Wishful thinking. "Mr. Belz," the unfamiliar voice said, "the results of the election are so profound, and the need for our response is so clear, that we are coming to you right away to ask for your generous help."
"How could you?" I thought. "How dare you?"
For three days, my mind had been reeling-trying somehow to piece together the meaning of all that had happened the previous Tuesday. What on earth were the American people saying? What direction was our nation heading?
The signals had been so contradictory. And I didn't like it that someone else found it so easy to interpret what was still so confusing to me.
I was baffled that the same day's voting would tell cause loyalists like Rick Santorum and Jim Talent that their role in the U.S. Senate was over, and at the very same time send several party traitors (like Lincoln Chafee) packing. On the social conservatism front, I was puzzled that in seven out of eight states where bans on homosexual marriage were being proposed, the voters got it right and upheld the bans-but that in two cases where abortion and embryonic stem-cell research were the issue, voters couldn't get through their heads how pivotal the measures were.
Big spenders of the public purse were both penalized and rewarded on Nov. 7. Some analysts said Republicans didn't take the immigration issue seriously enough, while others claimed they took it too seriously. It's hard to discern a pattern.
Even with reference to the war in Iraq-supposedly the granddaddy of all issues-the message was mixed. President Bush and his war cadre were blistered not just by those who said the war was wrong but by others (even among the Democrats) who said the war hadn't been pursued vigorously enough and that the United States had been too timid. We should have had even more troops in Baghdad, such folks said.
All of which prompts me to say to my late afternoon phone caller-and to everyone else who wants to make politics an all-important, all-consuming, full-time occupation:
"Give me some space! Give me some quiet time. Give me a chance to sort things out. I know the issues are urgent, and I sense that these are desperate times. But I'm not sure that direct mail and phone robots are the surest route to the solutions we all need."

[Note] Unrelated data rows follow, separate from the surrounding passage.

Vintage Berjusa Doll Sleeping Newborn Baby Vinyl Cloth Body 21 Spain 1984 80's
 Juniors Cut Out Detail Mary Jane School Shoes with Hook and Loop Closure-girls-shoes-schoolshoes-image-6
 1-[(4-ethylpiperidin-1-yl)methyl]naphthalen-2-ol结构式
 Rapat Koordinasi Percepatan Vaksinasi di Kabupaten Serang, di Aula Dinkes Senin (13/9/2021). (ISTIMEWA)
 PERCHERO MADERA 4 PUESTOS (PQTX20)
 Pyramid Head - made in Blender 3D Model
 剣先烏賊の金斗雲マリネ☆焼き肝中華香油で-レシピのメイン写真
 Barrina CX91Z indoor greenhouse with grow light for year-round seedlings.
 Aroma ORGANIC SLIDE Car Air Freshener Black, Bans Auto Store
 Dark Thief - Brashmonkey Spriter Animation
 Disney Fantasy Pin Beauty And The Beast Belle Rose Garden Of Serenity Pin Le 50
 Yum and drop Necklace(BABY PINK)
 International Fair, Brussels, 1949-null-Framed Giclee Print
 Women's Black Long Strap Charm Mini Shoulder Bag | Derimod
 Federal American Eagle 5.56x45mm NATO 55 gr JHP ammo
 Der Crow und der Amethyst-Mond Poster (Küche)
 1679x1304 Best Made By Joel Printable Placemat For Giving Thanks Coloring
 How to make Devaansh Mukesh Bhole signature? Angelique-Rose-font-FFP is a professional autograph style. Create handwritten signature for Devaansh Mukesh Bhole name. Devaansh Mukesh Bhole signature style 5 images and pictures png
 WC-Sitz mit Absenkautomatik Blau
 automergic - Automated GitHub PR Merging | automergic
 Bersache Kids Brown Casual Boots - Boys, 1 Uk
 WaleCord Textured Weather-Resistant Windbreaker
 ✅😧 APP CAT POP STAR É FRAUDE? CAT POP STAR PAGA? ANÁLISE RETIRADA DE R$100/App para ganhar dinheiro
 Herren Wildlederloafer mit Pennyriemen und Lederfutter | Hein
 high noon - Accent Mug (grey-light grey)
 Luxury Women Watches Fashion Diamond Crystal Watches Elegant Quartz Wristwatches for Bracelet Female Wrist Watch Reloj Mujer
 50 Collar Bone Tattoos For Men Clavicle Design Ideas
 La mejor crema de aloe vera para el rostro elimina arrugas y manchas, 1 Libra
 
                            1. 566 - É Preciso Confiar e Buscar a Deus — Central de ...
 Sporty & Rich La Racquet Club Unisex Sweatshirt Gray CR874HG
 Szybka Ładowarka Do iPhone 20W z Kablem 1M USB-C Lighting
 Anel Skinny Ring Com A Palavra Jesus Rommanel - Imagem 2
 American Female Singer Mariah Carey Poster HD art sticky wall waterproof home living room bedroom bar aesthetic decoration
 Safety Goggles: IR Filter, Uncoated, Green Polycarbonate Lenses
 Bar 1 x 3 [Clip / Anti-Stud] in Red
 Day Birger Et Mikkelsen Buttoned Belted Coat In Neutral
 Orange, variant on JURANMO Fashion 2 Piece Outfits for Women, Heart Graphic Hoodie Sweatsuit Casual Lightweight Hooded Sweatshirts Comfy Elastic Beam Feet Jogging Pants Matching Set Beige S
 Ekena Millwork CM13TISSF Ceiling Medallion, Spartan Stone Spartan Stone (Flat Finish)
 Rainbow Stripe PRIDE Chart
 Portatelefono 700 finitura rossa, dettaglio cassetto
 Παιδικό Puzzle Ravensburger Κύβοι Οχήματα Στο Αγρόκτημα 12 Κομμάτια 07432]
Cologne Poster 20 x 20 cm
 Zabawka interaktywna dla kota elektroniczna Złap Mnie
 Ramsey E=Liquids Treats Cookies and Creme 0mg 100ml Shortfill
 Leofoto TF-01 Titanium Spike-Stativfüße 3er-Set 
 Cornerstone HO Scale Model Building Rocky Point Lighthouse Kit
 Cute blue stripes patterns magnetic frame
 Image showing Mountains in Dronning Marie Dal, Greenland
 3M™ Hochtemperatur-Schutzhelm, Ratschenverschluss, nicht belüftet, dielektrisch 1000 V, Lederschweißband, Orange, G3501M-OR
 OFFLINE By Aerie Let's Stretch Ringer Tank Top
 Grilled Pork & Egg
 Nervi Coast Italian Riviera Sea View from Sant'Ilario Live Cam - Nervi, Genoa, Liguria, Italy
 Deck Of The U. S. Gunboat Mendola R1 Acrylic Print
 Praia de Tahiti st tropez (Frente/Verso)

Admittedly, such a time of thoughtful reflection may prove costly for the Republican Party.
Evangelical Christians who only one or two election cycles ago thought they had no choice but to vote a virtually straight ticket for the GOP were, on Nov. 7, given a good excuse to rethink their options. Republicans themselves opened that door with the incredibly dismal record of so many of their candidates: personal sexual scandal, dalliance with political financial corruption, voracious commitment to pork barrel spending, disdain for the big three social issues (abortion, marriage, embryonic stem-cell research). Add to that record of recklessness a handful of winsome Democrats, at least a few of whom sounded like more consistent evangelicals than the scoundrels they were challenging, and you're holding a recipe for dramatically reshaping the political landscape. What seemed so assured for the GOP after the 2004 election now seems more like a distant dream.
That's not by any means a bad thing for our nation. It is, in fact, most unhealthy for any political party or machine to be able to take for granted the en masse votes of big blocs of sometimes unthinking people. It hasn't been healthy for the nation to let the Democrats through the years assume they automatically own the votes of most African-Americans or of most labor union members.
But it's no more healthy for Republican candidates to assume they have evangelical Christians in their pockets.
So please don't call me this week if all you've got in mind is to enlist my support for your latest campaign. I just need a little time to think.